A federal US appeals court over the weekend overturned a previous ruling allowing the government to seize a Manhattan skyscraper claimed to be effectively controlled by Iran, pointing out problems with that verdict.
In June 2017, a jury found an Iranian-American charity knew that the New York City building it owns on 650 Fifth Avenue was 40-percent owned by a front company for an Iranian state-owned bank, violating US sanctions on the Islamic Republic and prompting the government to say it was ready to seize the tower and sell it for an estimated sum of almost a billion dollars.
The government had sought to turn over proceeds of a sale to holders of over $5 billion in terrorism-related judgments against the government of Iran, including claims brought by the estates of victims killed in the September 11, 2001, attacks.
Acting US Attorney Joon H. Kim said at the time that the owners of the office tower near Rockefeller Center, the Alavi Foundation, “gave the Iranian government a critical foothold in the very heart of Manhattan through which Iran successfully circumvented US economic sanctions.”
“For over a decade, hiding in plain sight, this 36-story Manhattan office tower secretly served as a front for the Iranian government and as a gateway for millions of dollars to be funneled to Iran in clear violation of US sanctions laws,” Kim said in a statement then. “In this trial, 650 Fifth Avenue’s secret was laid bare for all to see, and today’s jury verdict affirms what we have been alleging since 2008.”
But on Friday, the 2nd US Circuit Court of Appeals in Manhattan threw out that ruling in a 3-0 decision, saying Judge Katherine Forrest had made a “troubling pattern of errors on relatively straightforward issues,” the Reuters news agency reported.
That included refusing to hear depositions by former Alavi board members and accepting videos of them invoking their Fifth Amendment right against self-incrimination — they said they were coerced into doing so and that they would have agreed to testify — as well as refusing to allow the foundation an opportunity to prove the government had filed the complaint too late.
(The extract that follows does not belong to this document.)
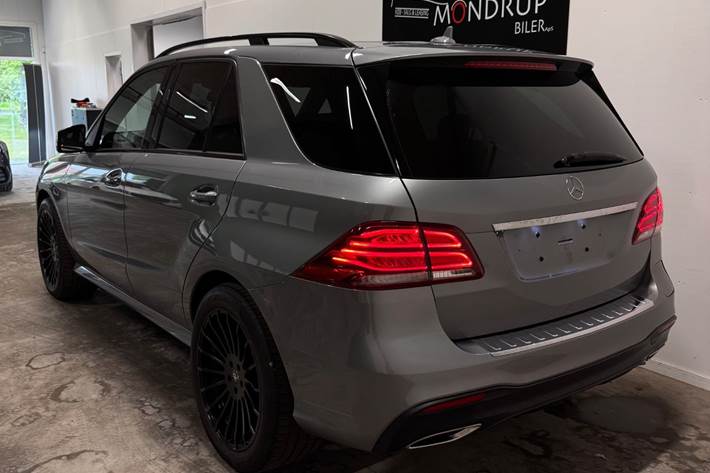 Grå Mercedes GLE500 e fra 2015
“If this case returns to trial, a properly informed jury may or may not find for the government – a topic on which we have no opinion,” wrote judge Richard Wesley. “But getting to any outcome requires a fair and procedurally adequate process, something that has been lacking in this case. There are no shortcuts in the rule of law.”
The decision is a blow to the US government and the Justice Department. A spokesman for US attorney Geoffrey Berman, whose office represented the government, refused a request for comment, Reuters reported.
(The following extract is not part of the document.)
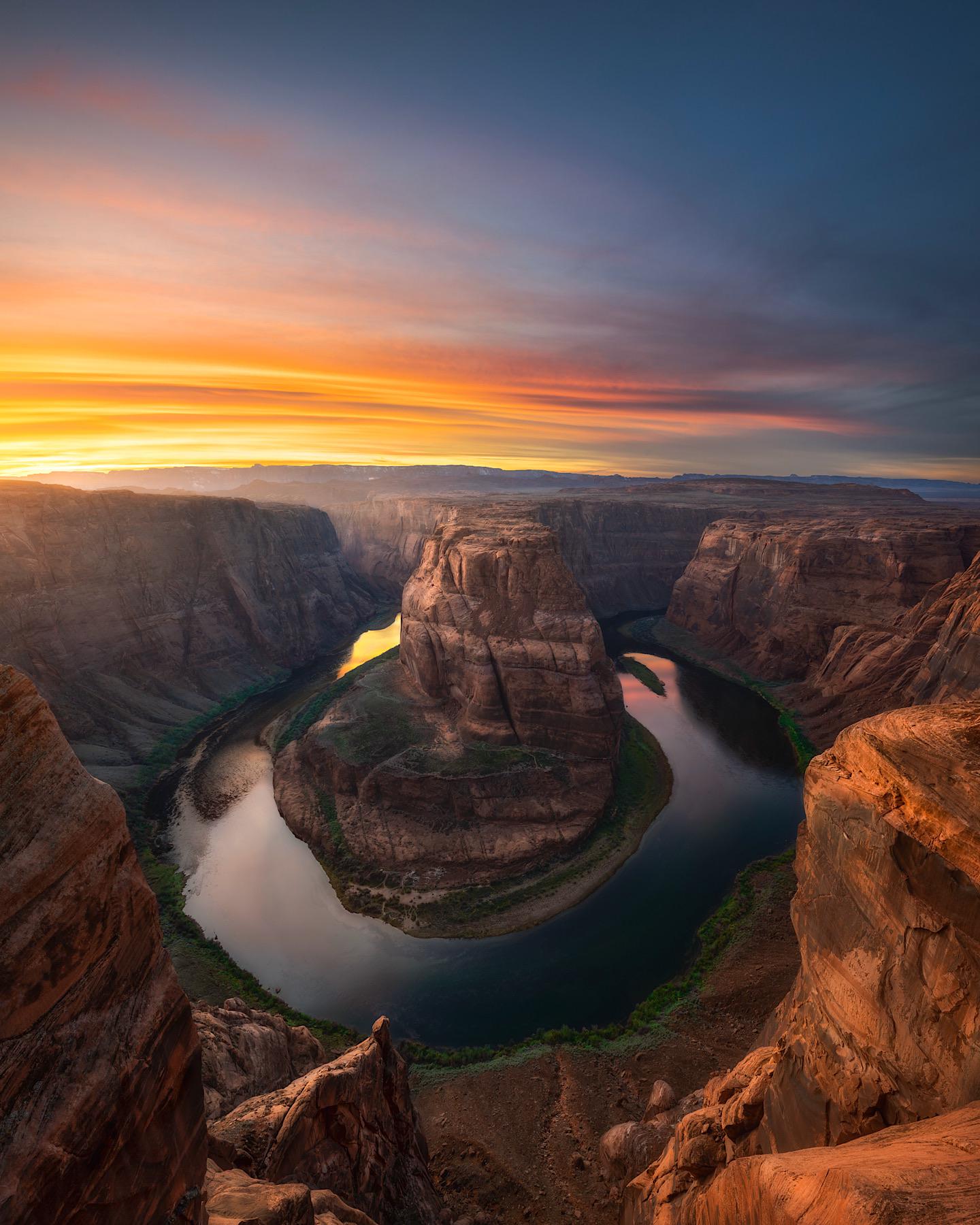 Sunset at Horseshoe Bend, Page Arizona. [1440x1800] [OC] r/EarthPorn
The lawyers for Alavi, Daniel Ruzumna and John Gleeson, said “We are obviously pleased. All we have ever wanted and asked for is a fair shake,” the news agency reported.
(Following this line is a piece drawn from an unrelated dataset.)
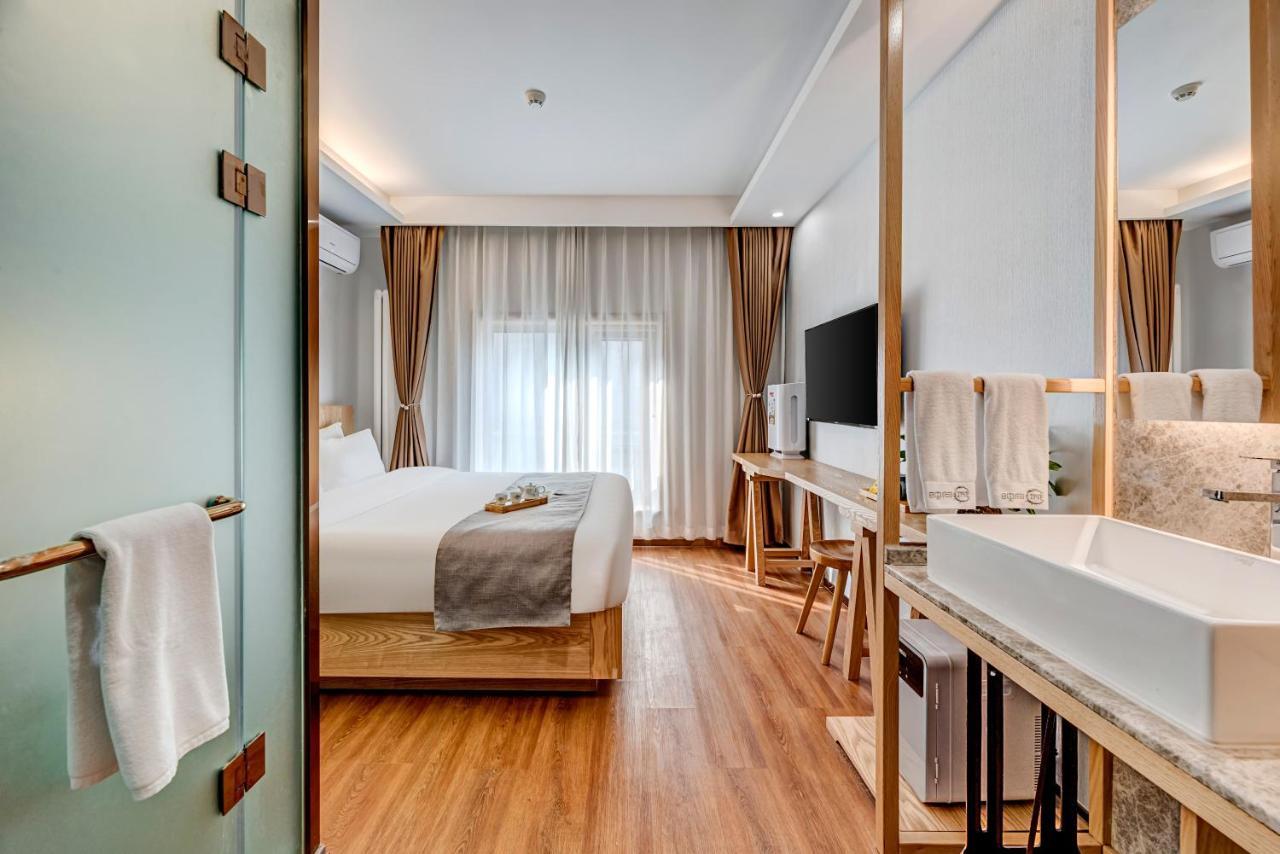 Happy Dragon Culture -in The Center Close To Forbidden City&wangfujing Street&subway Nearby &free Coffee & Free Laundry&english Speaking With Tour Services &free Wifi Unlimited For Western Software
The Fifth Avenue building was erected in the 1970s on property acquired by the not-for-profit corporation. It was valued at $83 million in 1989 and has steadily risen in value.
Government lawyers have alleged Iran has secretly controlled the building for years as millions of dollars in rent payments are funneled to it from a partnership made up of Alavi and a shell company, Assa Corp, fronting for a secret interest held by the state-owned bank of Iran, Bank Melli.
Alavi has argued it was unaware of that.